Figure 30.3 Lateral position for elbow arthroscopy, allowing full sagittal arc motion and high tourniquet.
(Courtesy of Orthoteers.com.)
Instruments
We prefer to use a 2.9 mm arthroscope with 30° angled lens (Conmed Linvatec) which provides the same wide field of view as a 4.0 mm arthroscope. An end-flow cannula sheath is preferential to a side-flow sheath, particularly for smaller spaces such as the elbow. If a 4.0 mm arthroscope is used, we recommend using a 2.7 mm arthroscope (wrist scope) for the posterior compartment and the radiocapitellar compartment, as these spaces will be narrower than usual in the stiff and arthritic joint (Fig. 30.5)
Both a large and small shaver can be useful and we would recommend having both available for an extensive anterior and posterior debridement and release. Curved shaver blades are extremely useful, but more difficult to triangulate in small spaces. A MacDonald’s retractor, broad trocar or Howarth elevator are useful as capsular retractors as they enable a better view to be obtained during the release procedure (Fig. 30.6).
Portals
The elbow joint is initially inflated with saline to increase the joint volume and aid placement of the arthroscope into the joint. The soft spot is located on the postero-lateral surface of the elbow and is at the centre of a triangle formed by the lateral epicondyle, the radial head and the olecranon. An 18-gauge needle is inserted and the joint distended with 20–40 mL of saline. With distension of the joint the neurovascular structure are displaced anteriorly allowing safer positioning of the instruments (Fig. 30.7).

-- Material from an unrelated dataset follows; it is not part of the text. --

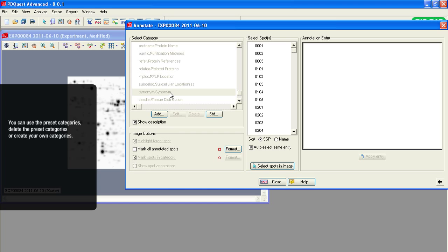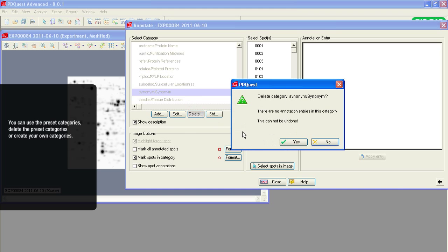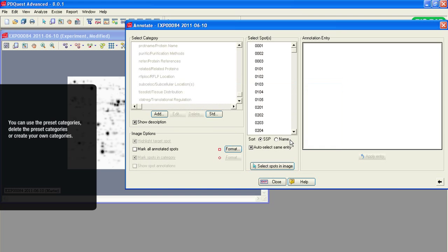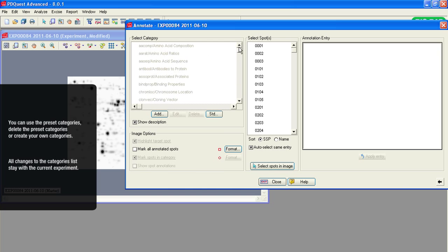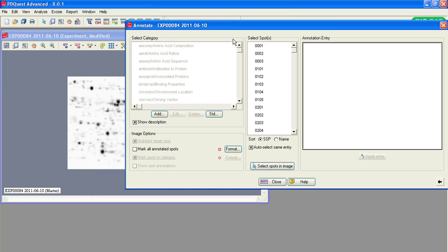You can use the preset categories or create your own new ones for this experiment. You can decide to delete the preset categories and keep only the categories relevant to your experiment. For example, you can delete the synonym preset category. All changes to the categories list stay with the current experiment.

An accurate knowledge of neurovascular anatomy is fundamental to creating safe portals. Prior to proceeding it is essential to palpate the ulnar nerve in the cubital tunnel and ensure it is not subluxing on elbow flexion or has not previously been transposed. If this is the case then the nerve will need to be identified and protected with a larger incision. The relevant surface anatomy should be marked on the skin, these being the olecranon, radial head, medial and lateral epicondyles, and ulnar nerve. We also mark the course of the radial nerve on the lateral side (Fig. 30.8).
Numerous portals have been described for elbow arthroscopy, of these the most common used are the anterolateral, direct lateral, superomedial, anteromedial, direct posterior and posterolateral37 (Fig. 30.9). Either the medial or lateral portal can be used as the initial portal for the arthroscope. The choice depends on the surgeon’s preference and experience. For arthroscopic debridement and capsular release procedures we prefer the lateral portal for the initial viewing portal. This provides a good view of the coronoid and coronoid fossa, which are two key areas for debridement of elbows with a flexion block.